Disney+ Introduces Yet Another Price Hike
Amid a decline in its subscriber base, Disney is implementing price increases for its online streaming services, marking its second price hike within a year. The initial increase in subscription fees for offerings like Disney+ and Hulu occurred in October of the previous year.
In addition, Disney is introducing a new ad-free bundle of Disney+ and Hulu for $19.99 per month, while the ad-supported tiers for both services will remain at $7.99 per month. These new prices will take effect from October 12.
Over the past three months, Disney+ experienced a slight decrease in its domestic subscriber base in the U.S. and Canada, from 46.3 million to 46.0 million. The most significant subscriber drop occurred in India, where Disney+Hotstar went from 52.9 million paid users to 40.4 million due to losing the digital rights to stream the Indian Premier League (IPL) cricket tournament. Competing against this, Reliance-owned JioCinema offered free streaming of the IPL to attract users.
CEO Bob Iger acknowledged the Hotstar subscriber decline but indicated that it does not significantly impact the company's overall direct-to-consumer financial results, as the service in India generates lower revenue per user than the core Disney+ service.
Iger also highlighted the expansion of the ad-supported service to more countries, including Canada and Europe, beginning November 1st. He mentioned that a new ad-free bundled subscription plan featuring Disney+ and Hulu will be introduced in the U.S.

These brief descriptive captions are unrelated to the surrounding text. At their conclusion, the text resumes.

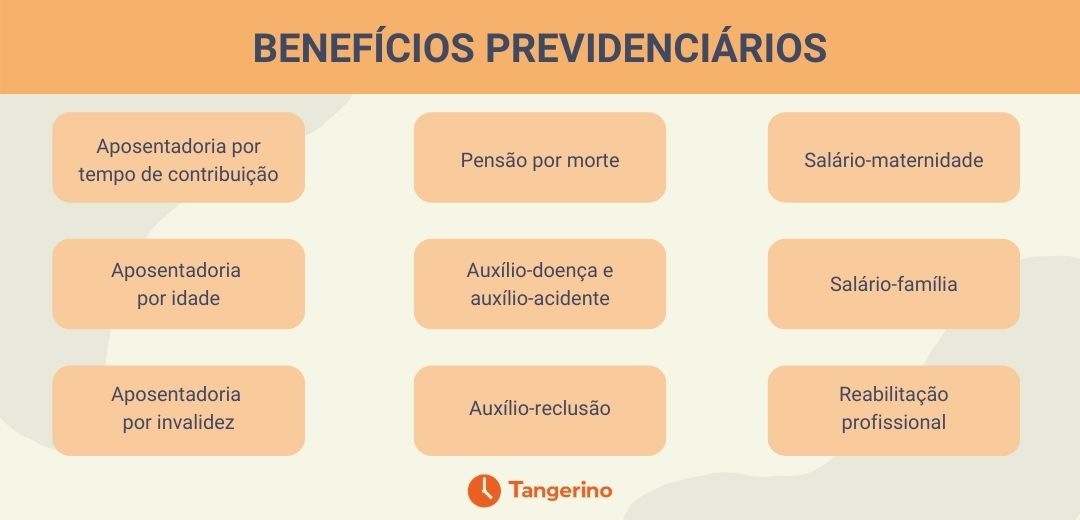 Benefícios Previdenciários do INSS (Foto: Reprodução, Tangerino)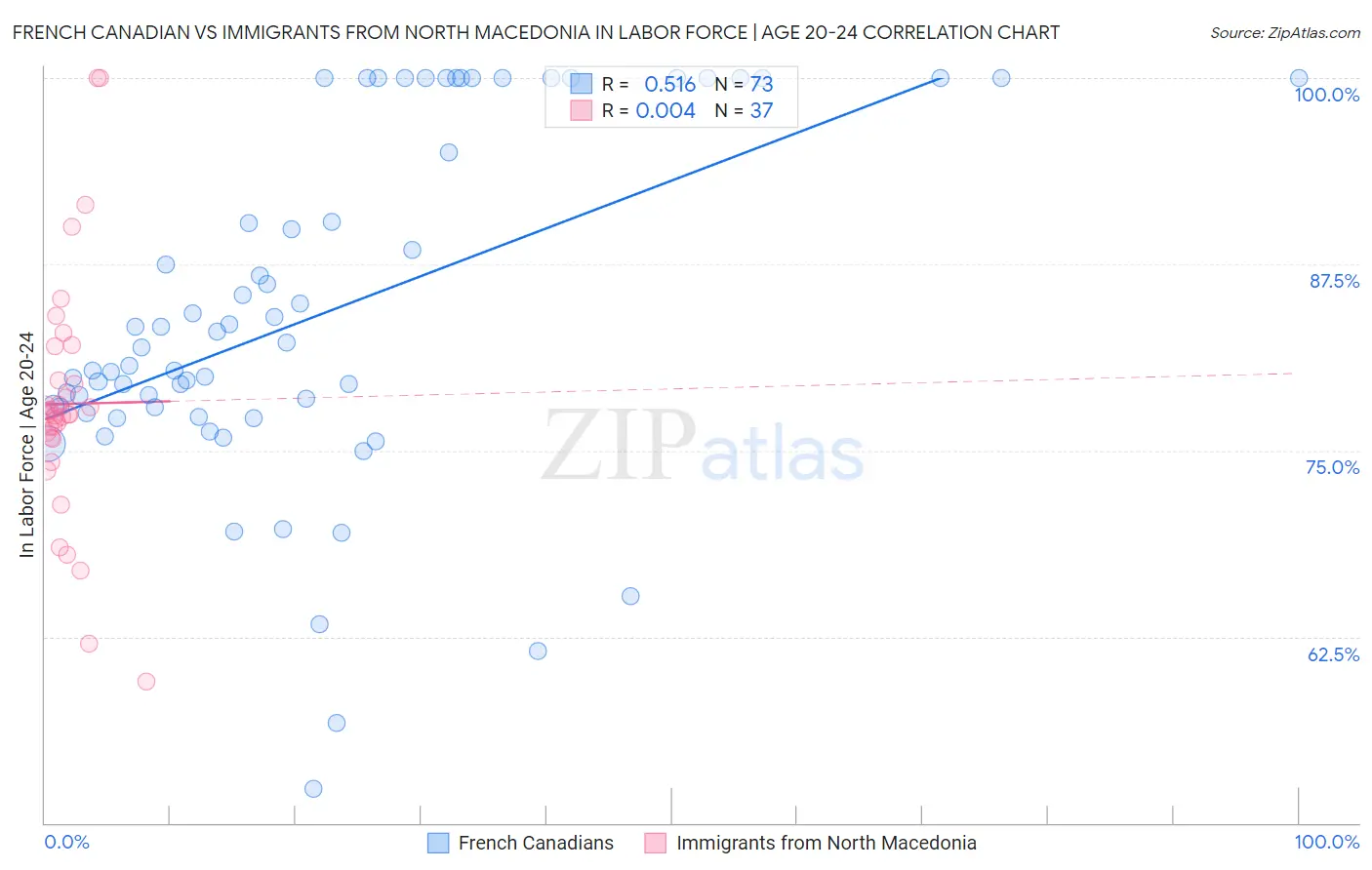 French Canadian vs Immigrants from North Macedonia In Labor Force | Age 20-24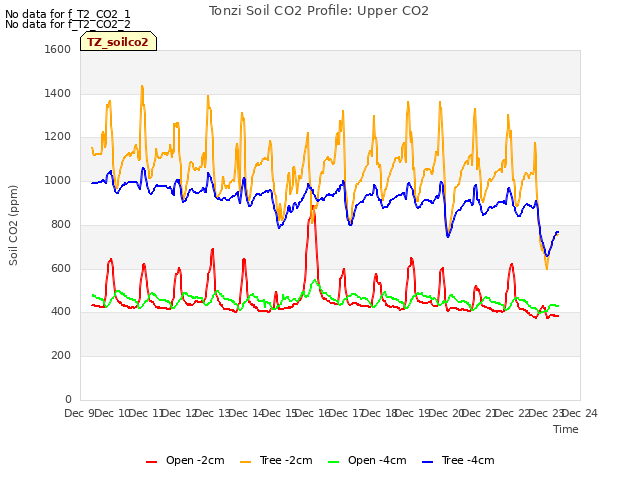 plot of Tonzi Soil CO2 Profile: Upper CO2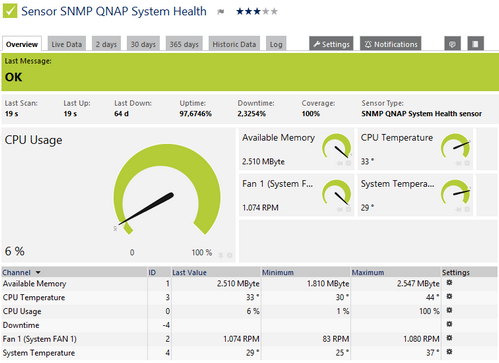 SNMP QNAP System Health Sensor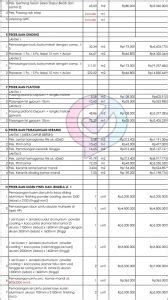 Contoh rab rumah excel download 2019, download rab rumah type 36 format excel, download rab desain rumah sederhana dan rab nya desain cantik rumah sumber : Rab Rumah Type 30 Subsidi Excel - Info Terkait Rumah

The revised pricing for Disney's streaming services is as follows:
Disney+ (ad-free): $13.99 per month, up from $10.99 per month
Hulu (ad-free): $17.99 per month, up from $14.99 per month
ESPN+ (with ads): $10.99 per month, up from $9.99 per month
Disney+, Hulu, and ESPN+ (all ad-supported): $14.99 per month, up from $12.99 per month
Disney+ (ad-free), Hulu (ad-free), and ESPN+ (with ads): $24.99 per month, up from $19.99 per month
Yesterday, Disney unveiled a $2 billion agreement with Penn Entertainment, a move that will lead to the rebranding of its sportsbook as ESPN Bet. Additionally, CEO Bob Iger mentioned that the company is actively seeking digital distribution and technology partners to enable the direct-to-consumer availability of ESPN.
Iger stated, "The shift to bringing our flagship ESPN channels directly to consumers is not a matter of if but when. Our team is diligently examining all aspects of this decision, including pricing and timing. It's noteworthy that despite the increasing trend of cord-cutting, ratings on ESPN's primary linear channel are on the rise."
While Disney's revenue experienced a 4% year-on-year growth, reaching $22.33 billion, it slightly fell short of Wall Street's projected figure of $22.53 billion for the quarter ending in June.